==== Given data ====

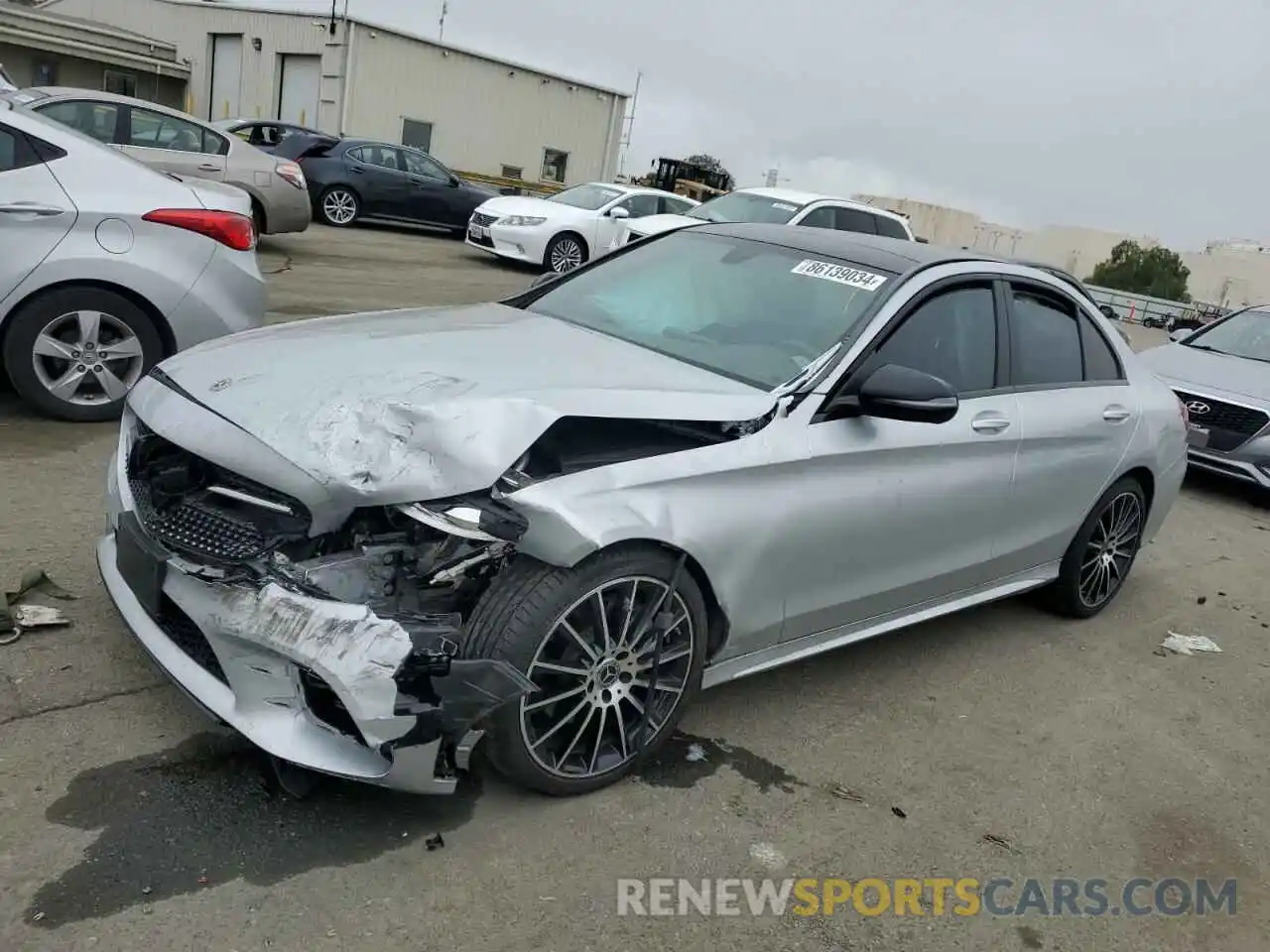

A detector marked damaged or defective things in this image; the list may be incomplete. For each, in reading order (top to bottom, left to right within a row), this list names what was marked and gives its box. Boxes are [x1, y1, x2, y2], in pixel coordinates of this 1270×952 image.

crumpled front hood [627, 213, 698, 237]
crumpled front hood [144, 305, 770, 502]
crumpled front hood [1135, 341, 1270, 401]
damaged silver mercedes-benz [94, 223, 1183, 797]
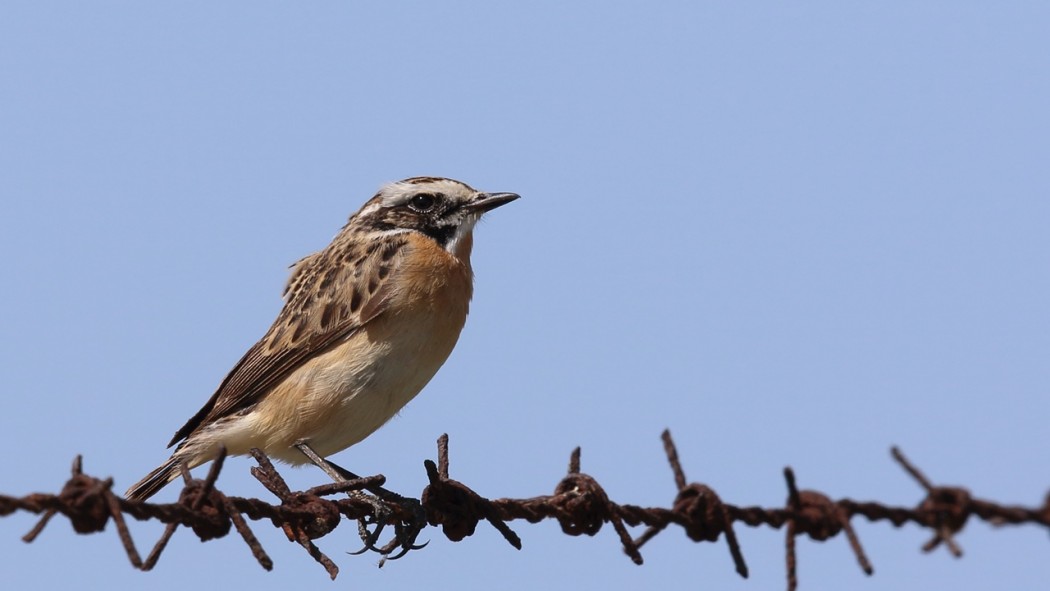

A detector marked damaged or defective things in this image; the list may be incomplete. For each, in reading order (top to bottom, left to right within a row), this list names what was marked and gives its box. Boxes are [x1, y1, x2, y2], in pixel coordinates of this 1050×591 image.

====

What this task involves - For each record above, write it out exactly and omit any picture.

Response to the exercise -
A detector marked damaged or defective things in this image; the list may be incomplete. For each, in reading order (top to bottom, left to right within a row), this list names what was marked and gives its box. Boxes are [x1, y1, x2, y2], in pixel coordinates of this 1270×952 image.

crumpled front hood [627, 213, 698, 237]
crumpled front hood [144, 305, 770, 502]
crumpled front hood [1135, 341, 1270, 401]
damaged silver mercedes-benz [94, 223, 1183, 797]

A detector marked damaged or defective things in this image; the list may be incomplete. For each, in reading order (top to bottom, left to right within a row), this list names what was marked and gives its box. Boxes are [x1, y1, x2, y2], in pixel coordinates of this 1050×591 image.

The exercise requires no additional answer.